La tierra árida. El cielo ennegrecido. La noche anuncia que muchas de ellas jamás volverán a ver la luz del día. Deambularán por caminos espinosos y barrancos donde los zopilotes vuelan y parece, desde su negrura, anuncian una pista. Aquellas mujeres se desprenderán de su identidad y se convertirán en almas que buscan mirando al suelo. Debajo de la tierra se encuentra su última esperanza. Ellas silenciarán su voz con el ruido de la pala que golpea la tierra endurecida. Buscarán por instinto o por alguna noticia, falsa o verdadera, en los lugares donde se les dice pueden hallar los restos de su ser querido. Ellas no se detendrán. Ellas son su propia y única esperanza de encontrar un mínimo indicio, un hueso: recuerdo de que alguna vez hubo vida. Ellas caminarán enfrentándose a las autoridades corrompidas. Ellas serán vistas como enemigas del crimen organizado, aunque su labor no sea evidenciarlos sino, simplemente, encontrar el más pequeño rastro que les devuelva la posibilidad de tener un lugar donde llorar, que les permita sacar del anonimato al cuerpo perdido y recuperar su nombre y así volver a existir en la memoria de los otros. Ellas desafiarán a los políticos arribistas que tratarán de usarlas como botín político. Ellas son el silencio que incomoda a la injusticia, y son, también, la esperanza de que la realidad se transforme y que su búsqueda sea para que otras familias tengan la posibilidad de saber que sus hijos tienen vida, que pueden salir a la calle, encontrar trabajo y regresar seguros a sus casas.

¿Cuántas veces la pala tendrá que golpear la tierra endurecida? ¿Cuántas uñas sangrarán al rascar, desesperadamente, entre las piedras para encontrar un indicio del ser querido? ¿Cuántas mujeres caminan entre los cerros, los lotes baldíos, la terracería en busca de un hueso que les diga que ahí se encuentra su hijo? ¿Cuántas mujeres han perdido el miedo a vivir amenazadas y aun así buscan sin descanso; asumen la función de las autoridades; utilizan sus propios recursos con la esperanza de encontrar los restos de su familiar? ¿Se puede dimensionar el dolor que implica el conformarse con encontrar únicamente los restos?

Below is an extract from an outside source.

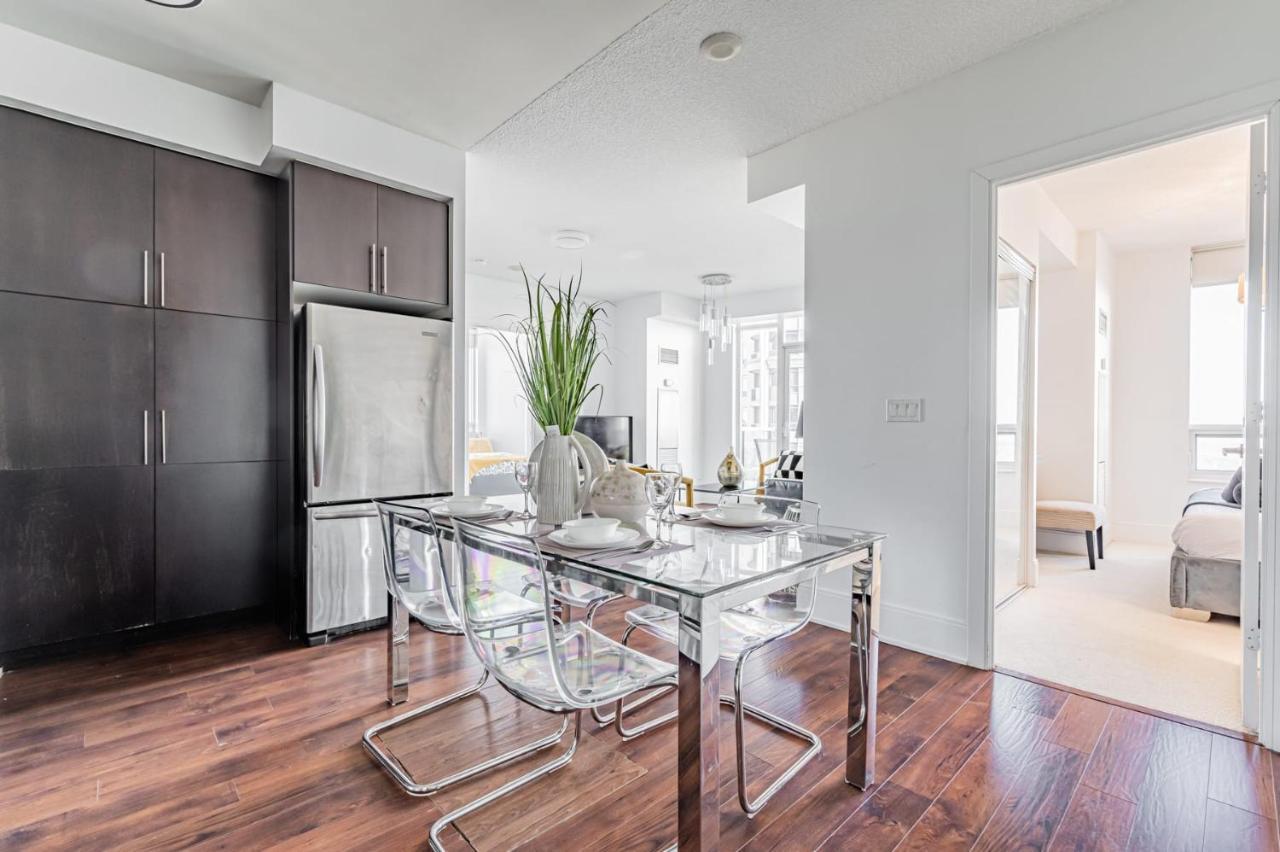 Luxury Apartments In Mississauga Dış mekan fotoğraf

Las madres buscadoras son un tema doloroso que nos recuerda la violencia y la injusticia que se padece en nuestro país. El problema de los desaparecidos tiene una raíz profunda que se agudizo a partir de la implementación de la guerra fallida, de Calderón, contra el crimen organizado. Los reflectores se han centrado en el número de homicidios que ha dejado este enfrentamiento. Pero, hasta ahora nos hemos percatado que en México se vive una crisis de

desapariciones, donde la estigmatización y la falta de estrategia no han permitido responder de manera contundente: tanto así que no se tiene una cifra certera de cuántas personas desaparecidas hay en México. Se vislumbra un cambio de estrategia por parte del gobierno de la Dra. Claudia Sheinbaum, se han instalado mesas de trabajo con los colectivos de personas buscadoras, pero el problema es tan hondo que se debería de construir una herramienta administrativa –Subsecretaría o Comisión– que tenga los recursos legales y económicos, necesarios, para implementar los cambios que se estarán aprobando, en las próximas semanas, en el Congreso. Existe voluntad, ahora es necesario construir el andamiaje que permita pasar al siguiente escalón: resolver el problema.

Sabremos que la lucha de las madres buscadoras ha rendido frutos cuando dejen de caminar en silencio. Cuando no sean asesinadas por buscar a sus hijos. Cuando no tengan que esperar con angustia el regreso de sus seres amados. Cuando los nombres de todos los desaparecidos se encuentren inscritos en el lugar donde descanse el cuerpo encontrado. Cuando vivamos en un México de paz y justicia.